Although we don't believe in timing the market or panicking over market movements, we do like to keep an eye on big changes -- just in case they're material to our investing thesis.
What: Shares of Advanced Micro Devices (NASDAQ:AMD) continue to fall as the trading day wears on, and have now lost over 16% of their value. The stock is now at levels below all but the very worst of the 2008-2009 recessionary period.
So what: Revenue and earnings both came in below estimates, and even those estimates had conservatively guided lower than the year-ago period.

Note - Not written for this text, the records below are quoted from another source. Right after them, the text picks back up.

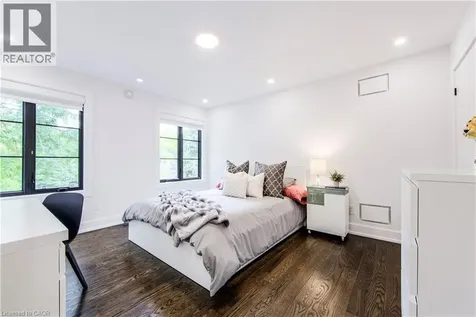 1319 Greeneagle Drive Oakville ON L6M 2N1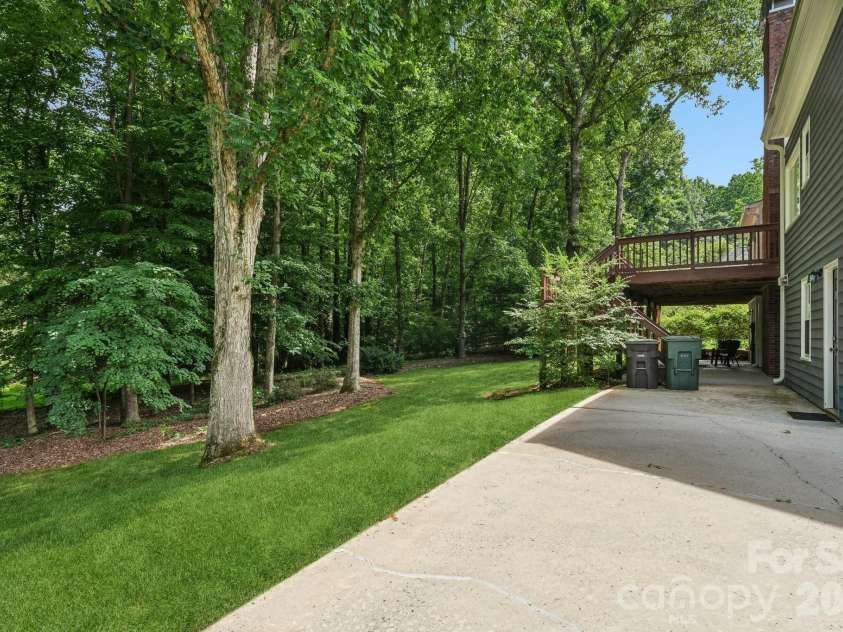 2349 Maria Lynn Court, Gastonia, NC 28056.  MLS# CAR4381762, YatesRealty ID 26955. 
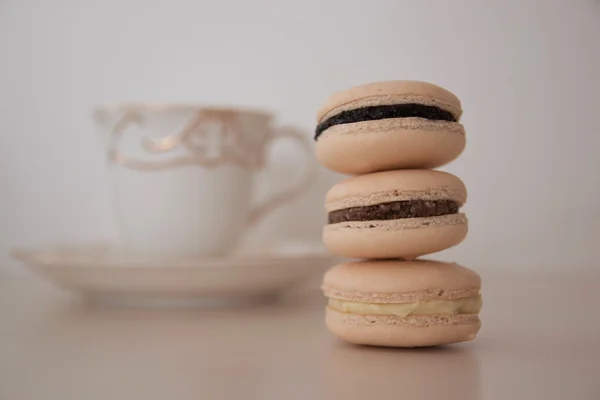 Macarons com xícara de chá — Fotografia de Stock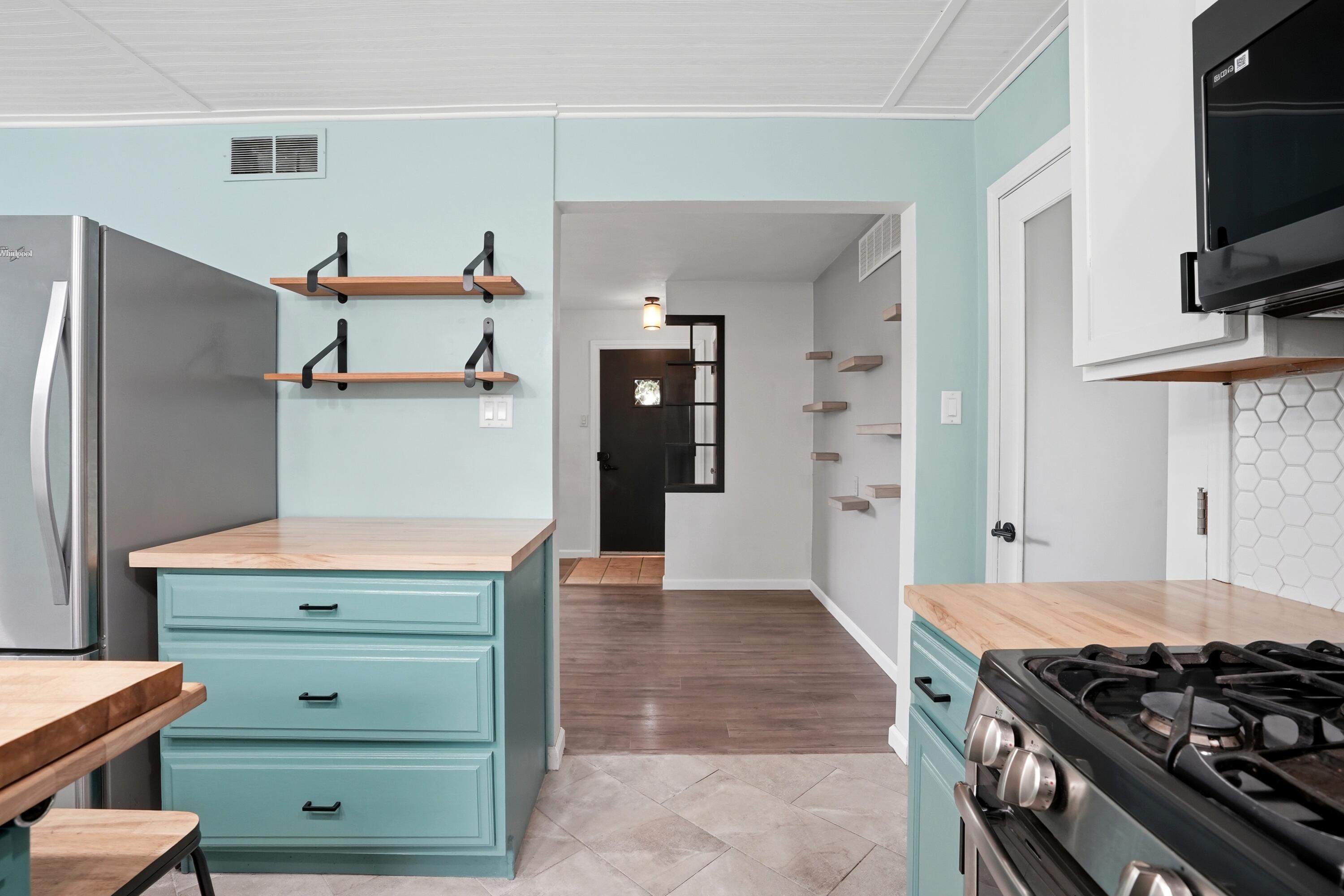 5237 Stone Avenue Portage, IN 46368 - Photo 10 of 42 3000x2000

AMD's $1.27 billion quarterly revenue was a full third lower than its year ago take of $1.69 billion. EPS losses of $0.21 per share -- a $0.20 loss when ignoring one-time items -- represented a whopping 62% drop from the year ago period's result, as well as current-quarter analyst expectations of a $0.13 loss per share.
AMD also announced that it would lay off 15% of its workforce, or about 1,900 employees. The company's executives also expect to see another revenue decline of 9% in the fourth quarter, which will place it in the $1.16 billion range. AMD is now targeting operating income breakeven at $1.3 billion by the end of 2013.
Now what: This was a bloodbath. Analysts at Bernstein Research and FBR Capital Markets downgraded AMD shares to "hold" after the drop, and Moody's downgraded the company's corporate bond rating to B1, warning that it could be cut even further.
Even blue-chip tech stocks have had difficulty meeting revenue expectations, as both Intel (NASDAQ:INTC) and IBM (NYSE:IBM) suffered year-over-year declines in their latest quarterly earnings. Intel's loss was clearly not AMD's gain and, for the time being, the tech sector is looking much more vulnerable than it did at mid-year. AMD, as a second-tier player, is at greater risk, and its turnaround strategy is going to take time to put together. Now does not look like a good time to jump into this leaky boat.